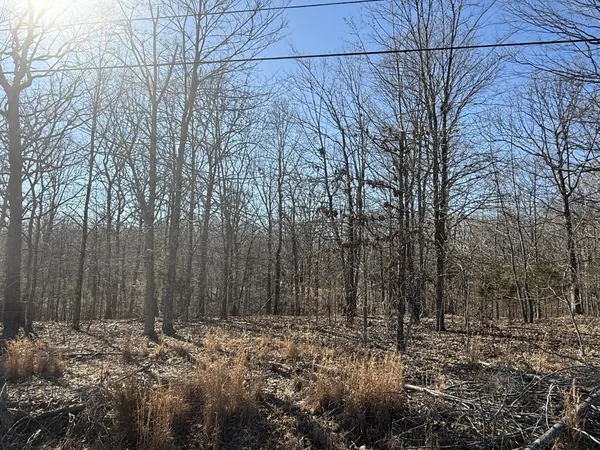 a view of a yard with trees in the background
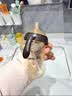 卡蜜迪鸭嘴吸管奶嘴奶瓶婴儿学饮杯宝宝喝奶学饮水杯配件吸管学饮嘴 吸管奶嘴 实拍图
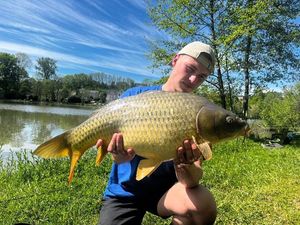 Common Carp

◇ ◇ ◇ ◇ ◇

Required action >> Repeat all the material exactly, but keep pictures out of the copy.

Result for this exercise >>
 a view of a yard with trees in the background
 卡蜜迪鸭嘴吸管奶嘴奶瓶婴儿学饮杯宝宝喝奶学饮水杯配件吸管学饮嘴 吸管奶嘴 实拍图
 Common Carp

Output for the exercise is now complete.